In der Not verschob das IOC die Vergabe der übernächsten Winter-Ausgabe um ein Jahr und ermutigte wohl einige zweifelnde Anwärter, es doch zu versuchen. Als Letztes gab erst in der Vorwoche das Schweizer Sportparlament grünes Licht für eine Bewerbung. "Winterspiele in der Schweiz wären ein Riesen-Booster für unser Land", sagte Sportministerin Viola Amherd.
In der Tat umfasst das dezentrale Konzept gleich mehrere Regionen im ganzen Land, um ausschließlich bestehende Wettkampfstätten zu nutzen. Da es keine taugliche Eisschnelllaufhalle gibt, könnte das bayerische Inzell hier ins Spiel kommen. Für die Eröffnungsfeier ist Lausanne im Gespräch, für die Schlussfeier dann Bern.

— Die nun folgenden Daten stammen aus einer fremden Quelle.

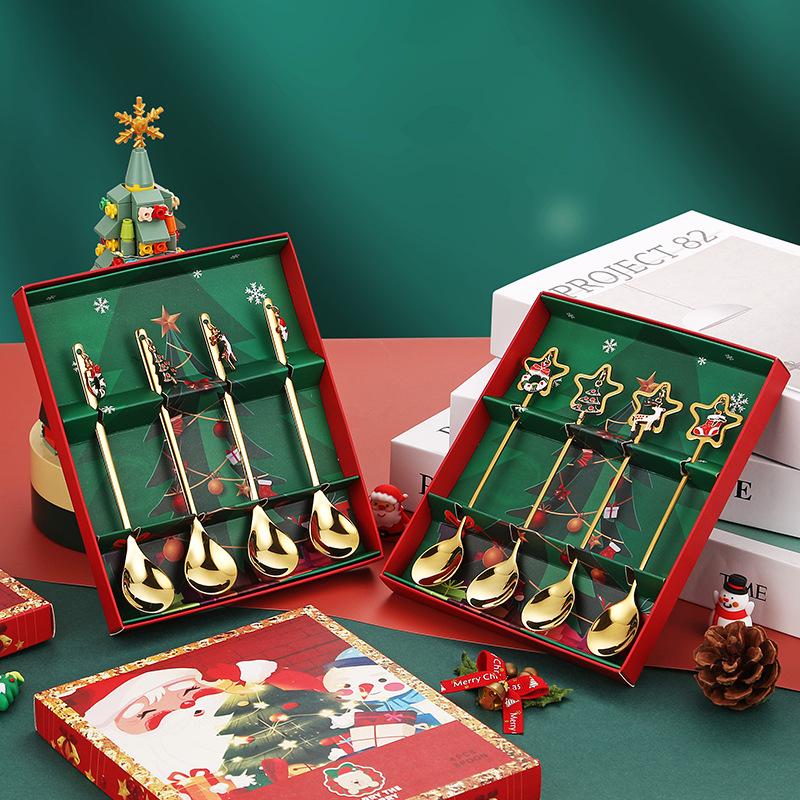 4PCS Christmas Coffee Spoons Set Gold Christmas Stainless Steel Spoon Dessert Spoon 2025 New Year Decoration for Tableware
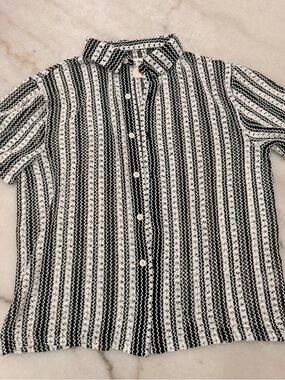 Men’s Black and White Crochet Shirt  button up beachwear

Einen ähnlichen Ansatz verfolgen Stockholm und die französische Bewerbung. In Schweden würden neben der Hauptstadt auch Falun, Aare und Östersund Wettbewerbe ausrichten. Die Schlitten-Events würden nach Sigulda in Lettland gehen, Eisschnelllauf nach Norwegen. "Dies wird eine völlig andere Art von Olympischen Spielen sein", sagte Schwedens Sportminister Jakob Forssmed.
Frankreich geht mit einem Verbund der früheren Winter-Gastgeber Chamonix (1924), Grenoble (1968) und Albertville (1992) sowie Nizza ins Rennen. Auch hier ist für die Eisschnelllauf-Wettbewerbe ein Ausweichen ins Ausland möglich.
IOC unter Zeitdruck
Dank dieser nachhaltigen Konzepte würde sich auch eine Mehrheit der zuletzt meist IOC-kritischen Bürger für das Milliarden-Spektakel Winterspiele gewinnen lassen, argumentieren die Interessenten. Referenden hat es bisher aber zu den aktuellen Plänen weder in Schweden noch in Frankreich oder der Schweiz gegeben.
Viel länger warten kann das IOC in der Vergabe-Frage nicht mehr. Bei der Generalversammlung in Mumbai entschied der Dachverband im Oktober, die Gastgeber für die Spiele 2030 und 2034 im kommenden Jahr auf einen Schlag zu benennen. Damit will sich das IOC auch Ruhe verschaffen, um die langfristige Zukunft der Winterspiele zu regeln. "Dies ist ein sehr komplexes Thema, und um es auf die richtige Weise zu adressieren, benötigen wir etwas mehr Zeit", sagte IOC-Chef Bach.
Nur noch zehn Länder sind nach Berechnungen von Forschern von 2040 an überhaupt noch schnee- und eissicher genug für Winter-Olympia. "Wir müssen diesen dramatischen Einfluss des Klimawandels auf die Winterspiele sehr schnell angehen", sagte Bach.
In Betracht gezogen wird sowohl die Veränderung des Wettkampfprogramms wie auch ein Rotationssystem bei den Ausrichtern. Winterspiele könnten dann abwechselnd nur noch in wenigen Orten mit existierenden Wettkampfstätten und garantiert frostigem Wetter stattfinden.